How a Search Engine Might Use Statistics to Identify New Ranking Features

I may have been a little unusual as an English major in my college days. I remember one professor asking me what I found interesting about a particular author we were studying. My answer was about patterns involving the language that he used, and how he frequently used certain words that were no longer much in fashion these days. He asked for an example, and I pointed out the use of the word “singular.” I could tell that he found my point a little odd, and I wish that the Google Books N-Gram Viewer was around back in those days to back up my statement . As a side note, I wish I could have taken a class or two with HITS algorithm inventor Jon Kleinberg, who probably would have appreciated my response.

I point that out because I recall some unusual phrasings by search engineers at a large search conference I attended a few years back where most of the search marketers were using the term “ranking factors.” All of the search engineers who gave presentations and participated in the question and answer sessions instead used the term “signals.” I wasn’t the only one who noticed the phrasing, and someone called one of the search engine representatives on his use of the term, upon which a Google representative responded, and was seconded by the Yahoo and Microsoft reps, that they preferred to use the term “signal” instead of “factor.”

Much like in my college days, I find myself a little obsessed with the language used in the search patents I read. If Google pointed their N-Gram viewer at the USTPO’s database of patents, that would be a great thing. There are a few terms that I keep on seeing spring up in some Google patents that I’ve been finding pretty interesting lately.

One of those is “features,” which seems to be sometimes used interchangeably with “signals” in some discussions from Google when it comes to discussions about data they collect. Another term I’ve seen increasingly on some Google patents and papers is the term “large data sets,” which may refer to the amount of Gmail that Google processes, or click-stream information on advertising clicks, user-behavior when it comes to mining browsing histories or searches query logs, or even different items that might be found on Web pages when it comes to creating a quality score for those pages.

A Google patent granted today describes how Google might manage information related to large data sets. Still, even more importantly, it discusses how statistics might be used to identify search ranking features for the search engine to track.

The patent is:

Scaling machine learning using approximate counting Invented by Simon Tong and Noam Shazeer Assigned to Google US Patent 8,019,704 Granted September 13, 2011 Filed: May 12, 2010

Abstract

A system may track statistics for many features using an approximate counting technique by: subjecting each feature to multiple, different hash functions to generate multiple, different hash values, where each of the hash values may identify a particular location in a memory, and storing statistics for each feature at the particular locations identified by the hash values. The system may generate rules for a model based on the tracked statistics.

In the description’s overview of the patent, we’re told that the kind of data repository covered by this patent might involve over a million data elements, and could include information such as:

E-mail data (e-mails that users sent and/or received,)
Advertisement data (advertisements presented to the users and/or selected by the users)
Any type or form of labeled data.

The data contained in one of these repositories might be used to create rules for a model.

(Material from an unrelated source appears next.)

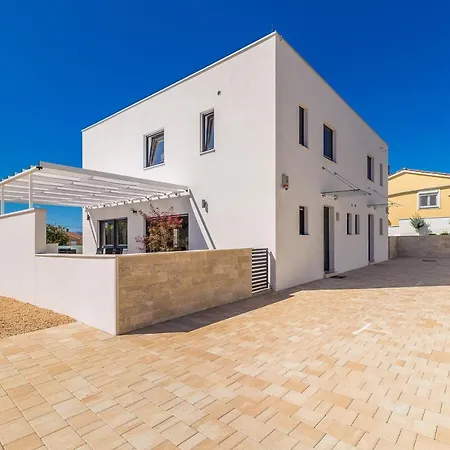 Holiday home Insula Aurea No.1 *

For instance, the data might include data about spam and regular (non-spam) e-mails, that could be used to create rules for a model that may predict whether future emails may be spam. User data involving advertisements might be used to predict whether or not someone might click upon a particular advertisement.

An example of one type of statistical information involved in this process might involve feature counting. The number of instances of a certain type of feature showing up might be counted. If a certain feature tends to show up more than a certain threshold, it might then be promoted so that it could be used to form rules for a model. That feature might be added to other features used in a model, or might replace a previously used feature.

Using that feature as a rule in part of a ruleset consisting of several search ranking features might be used to label emails or advertisements or possibly even webpages to a predicted label.

Conclusion

Is this how Google’s Panda works?

It’s hard to tell for certain, though it does seem like the approach behind Panda is to identify positive and negative search ranking features (signals) that might predict how positive a user experience might be upon a particular page or site.